Amiri Baraka and two consequential poems from 1965
Howard Rambsy II, Black Studies Program and the Department of English - Southern Illinois University Edwardsville.
Author of The Black Arts Enterprise and the Production of African American Poetry
In 1965, Amiri Baraka (then known as Le Roi Jones) produced “Black Art” and “A Poem for Black Hearts,” which became two of the most widely circulated poems of the time period. That the poems appeared at the outset of the Black Arts Movement is hardly coincidental. Baraka and his poems were instrumental to the formation of the movement.
On February 21, 1965, Malcolm X was assassinated in Harlem just as he began to deliver a speech. His violent murder was traumatic, painful, and tragic. African American literary artists would not allow Malcolm to be forgotten.
In the course of the next several months and years, writers found various ways to memorialize the slain leader in their works. Baraka took the lead. His piece “A Poem for Black Hearts” was one of the first widely distributed tributes to Malcolm when it was published in the September 1965 issue of Negro Digest. The poem carried a note “April, 1965” alerting readers that Baraka had composed it months earlier.
"For Malcolm's eyes," Baraka began "when they broke the face of some dumb white man. For Malcolm's hands raised to bless us all black and strong." The poem was a fiery tribute for Malcolm. The poem also showcased a new or intensified militancy from Baraka, who was using the poem to urge his black audiences to action. As Baraka noted, “let nothing in us rest until we avenge ourselves for death.”
In retrospect, the “April, 1965” designation was important because it marked the moment when Baraka and a group of fellow artists, including Askia Toure and Larry Neal among others, had organized the Black Arts Repertory Theatre in Harlem. Baraka’s collaborators also included playwrights, actors, visual artists, and musicians.
At some point in 1965, Baraka recorded a reading of his poem “Black Art,” and he was backed by a group of jazz artists, Sonny Murray on drums, Albert Ayler on tenor saxophone, Don Cherry on trumpet, and Lewis Worrell and Henry Grimes on basses. The poem appeared on Sonny Murray’s album Sonny’s Time Now (1965) prior to the poem’s initial appearance in print in the January 1966 issue of Liberator.
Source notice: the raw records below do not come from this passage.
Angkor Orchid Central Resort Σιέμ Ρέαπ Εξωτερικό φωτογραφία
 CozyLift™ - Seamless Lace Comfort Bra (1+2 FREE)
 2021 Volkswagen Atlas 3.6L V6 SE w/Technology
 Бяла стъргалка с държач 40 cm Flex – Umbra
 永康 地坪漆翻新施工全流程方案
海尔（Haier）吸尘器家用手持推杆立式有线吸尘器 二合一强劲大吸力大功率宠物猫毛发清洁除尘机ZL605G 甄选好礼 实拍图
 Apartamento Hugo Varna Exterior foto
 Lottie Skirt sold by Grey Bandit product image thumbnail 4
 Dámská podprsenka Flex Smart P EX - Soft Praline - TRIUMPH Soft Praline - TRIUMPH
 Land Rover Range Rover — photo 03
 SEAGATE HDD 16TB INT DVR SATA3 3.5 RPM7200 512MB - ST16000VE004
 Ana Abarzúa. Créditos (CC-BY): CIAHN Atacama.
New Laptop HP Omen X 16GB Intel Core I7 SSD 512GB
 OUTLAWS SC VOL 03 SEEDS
In “Black Art,” Baraka makes the case that “Poems are bullshit unless they are” functional and tangible. Similar to “A Poem for Black Hearts,” Baraka uses “Black Art” as a rallying cry for his black audiences and as a platform for listing demands:
We want a black poem. And a
Black World.
Let the world be a Black Poem
And Let All Black People Speak This Poem
Silently
or LOUD
Part of what ensured that Baraka’s poems would become canonical, not only memorable, was the tacit agreement among dozens of anthology editors from the late 1960s through the mid-1970s that “A Poem for Black Hearts” and “Black Art” should appear in collections. Time after time when editors gathered works to include, they included Baraka’s two poems. Between 1968 and 1973, at the height of the Black Arts Movement, Baraka’s two poems were reprinted in more than 15 anthologies.
The 1960s and 1970s are known for the production of “new black poetry,” but as the continued circulation of Baraka’s two works suggests, the publication of dozens of anthologies during the time period meant that the era gave rise to reprinting new and old black poetry. Baraka’s two poems appeared in collections with signature works by Paul Laurence Dunbar, Langston Hughes, and Margaret Walker on the one hand, and Nikki Giovanni, Haki Madhubuti (then Don L. Lee), and Sonia Sanchez on the other.
Decades later, during the 1990s and early 21st century, when scholars and commentators wanted to cite Baraka’s 1960s militancy, we had many options of poems, essays, plays, and performances to mention. Yet, we were often inclined to highlight his two poems from 1965. How could a reflection looking back on the most pervasive, potent, and consequential poems of the past 50 years overlook Baraka’s “A Poem for Black Hearts” and “Black Art”?